Thousands of people took to streets across Scotland (Jane Barlow/PA)

At the SNP conference last month, First Minister Nicola Sturgeon declared a “climate emergency”, noting she had been inspired by demonstrating pupils.

She told her party’s conference: “I met some of the young climate change campaigners who’ve gone on strike from school to raise awareness of their cause.

“They want governments around the world to declare a climate emergency. They say that’s what the science tells us. And they are right.

“So today, as First Minister of Scotland, I am declaring that there is a climate emergency. And Scotland will live up to our responsibility to tackle it.”

Pupils have been inspired by Swedish schoolgirl Greta Thunberg (Jane Barlow/PA)

Earlier this month, the Scottish Government also agreed to set a target of net-zero emissions by 2045 – an aim described by experts as the “most ambitious in the world”.

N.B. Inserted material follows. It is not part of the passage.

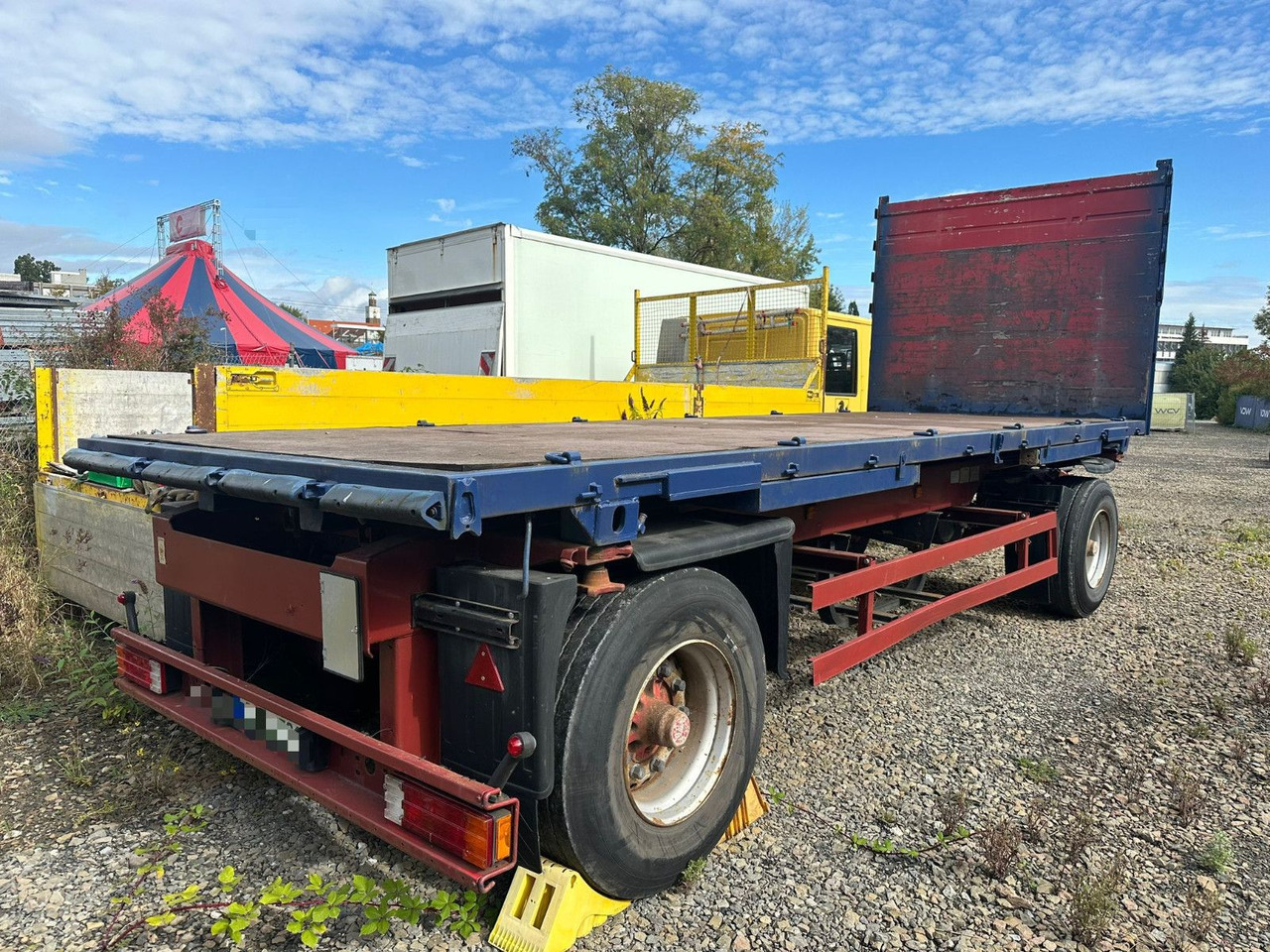 Schmitz Cargobull WF18 mit Plattform - Rơ moóc thùng lửng/ Phẳng: hình 2 Schmitz Cargobull WF18 mit Plattform - Rơ moóc thùng lửng/ Phẳng: hình 2
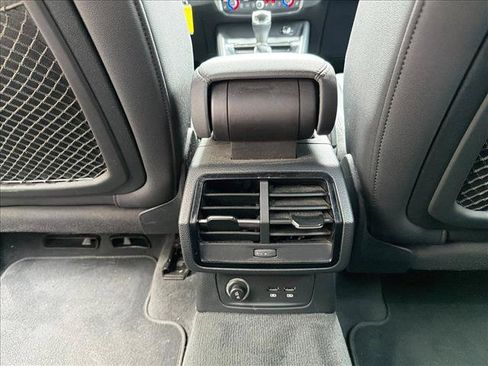 Used 2019 Audi Q3 2.0T Premium AWD/4WD image 25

It followed recommendations set out by the Committee on Climate Change (CCC) that Scotland meet the target five years ahead of the UK in 2050.

Glasgow and Edinburgh have also both outlined their aims to cut greenhouse emissions and to become the UK’s first “net zero” city.

The climate strikes by pupils were started in August 2018 by the Swedish schoolgirl Greta Thunberg and have since been mirrored across the world.